Margaret Thatcher: A deeply qualified encomium…

Never trust the Irish. They are all liars, liars.

That was Peter Mandelson this morning recounting Margaret Thatcher’s words of advice to him on being made Secretary of State for Northern Ireland (possibly in lieu of some more substantial criticism of the late British Prime Minister) who is buried today under a plan that does not radically differ from those laid out under Mandelson’s New Labour regime.

I didn’t get much sleep the night new Labour won their landslide victory in 1997.

Thatcher quote

Taking my kids to school the next morning, a Croatian friend remarked that she did not think a Labour government would make much positive difference to any of us. But the unconfined joy of that day related as much to the fact that after 18 years the story had finally changed.

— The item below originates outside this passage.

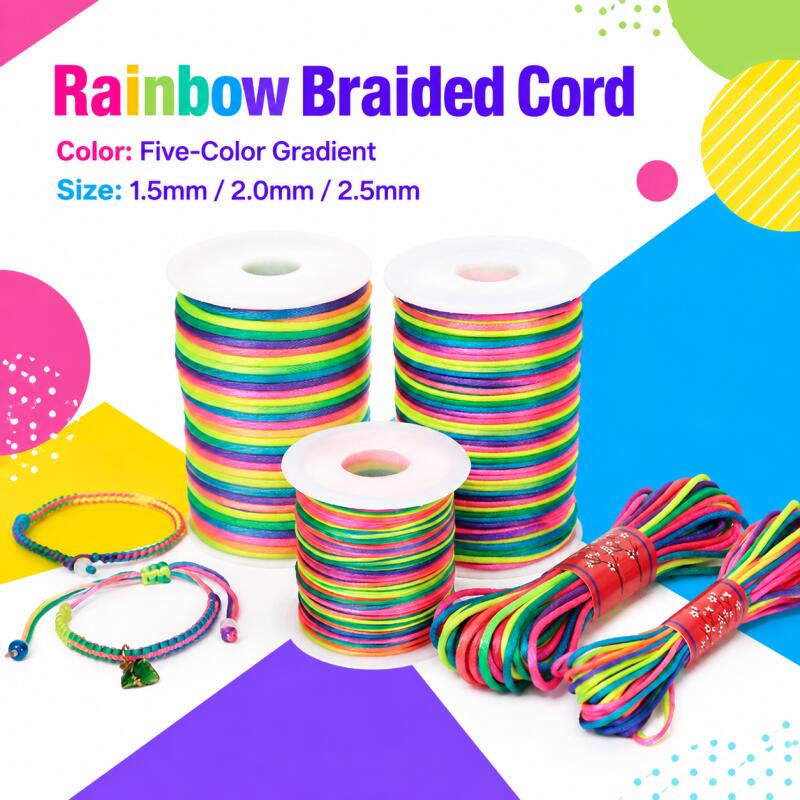 Jewelry Making Using Beads - 1,5~2,5MM 20/100m kleurrijke gradient nylon koord,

Margaret Thatcher was an immense figure for people of my age, or older. Love her or hate her, you could hardly ignore her.

In ’79 her citation of Saint Francis seemed more of a taunt after a bruising election campaign. Easy to forget now that she won the 1979 election on the basis that unions were entitled to free collective bargaining (an enticement of the free market). She took pragmatic care to end the winter of discontent by giving the public sector unions pretty much what they wanted.  It was only by 1981/2 that she started slowly putting on her own squeeze.

Thatcher was a brilliant communicator, who applied continual pressure on her front bench spokesmen to ‘get the presentation right’. So much so that when she began to run out of radical ideas, she was inclined to blame poor presentation rather any failure in the substance of her government’s policy.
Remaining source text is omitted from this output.